Scuola, graduatorie di istituto: novità in arrivo nella procedura di validazione delle domande
Scuola, graduatorie di istituto: novità in arrivo nella procedura di validazione delle domande

Come spiegato ieri, l‘aggiornamento e la riapertura delle graduatorie di istituto di II e III fascia è ormai certo. A confermarlo sono stati sia il ministro Azzolina, che il sottosegretario De Cristofaro. Prima di conoscere i dettagli, bisogna attendere che il Decreto Scuola venga approvato. Ma come funzioneranno le graduatorie provinciali?

Aggiornamento graduatorie telematico, requisiti

Una prima novità legato alla riapertura e aggiornamento delle graduatorie provinciali di II e III fascia, è il fatto che la procedura sarà telematica. Chi è già inserito dal 2017, avrà la possibilità di cambiare provincia e chi non è inserito potrà farlo, a patto che abbia i requisiti.

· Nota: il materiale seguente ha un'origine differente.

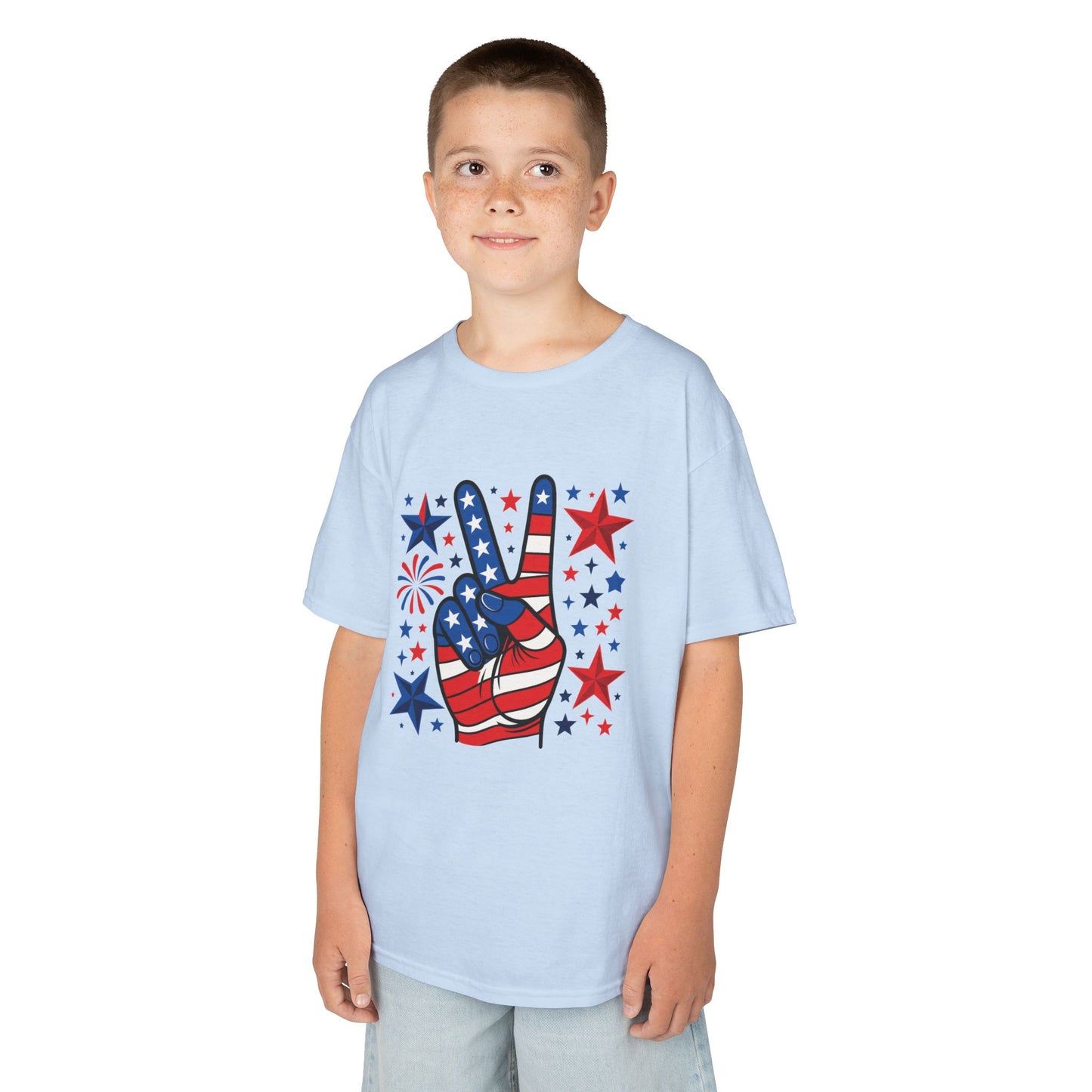 Kids Peace Sign Tee, Patriotic Children's T-Shirt, Americana Style Tee, July 4th Outfit, Independence Day Gift, Star-Spangled Shirt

  • Per iscriversi in II fascia è necessaria l’abilitazione all’insegnamento per la cdc richiesta.
  • Per accedere alla III fascia servono la laurea (con gli eventuali CFU richiesti per l’accesso alla cdc) + i 24 CFU.

Se verrà accolto l’emendamento della Granato (M5S) la validità delle graduatorie sarà biennale, così da riallineare le tre fasce.

Graduatorie provinciali: cosa cambia?

Le graduatorie provinciali sono distinte per posti e classi di concorso. Chi vi è inserito, sceglie 20 scuole della medesima provincia, ma solo per la copertura delle supplenze brevi e saltuarie. Per le supplenze annuali e al 30 giugno, verrà utilizzata la graduatoria provinciale in subordine alle GaE. Questo metodo dovrebbe ridurre la necessità di ricorrere alle MAD e rendere l’assegnazione delle supplenze più rapida.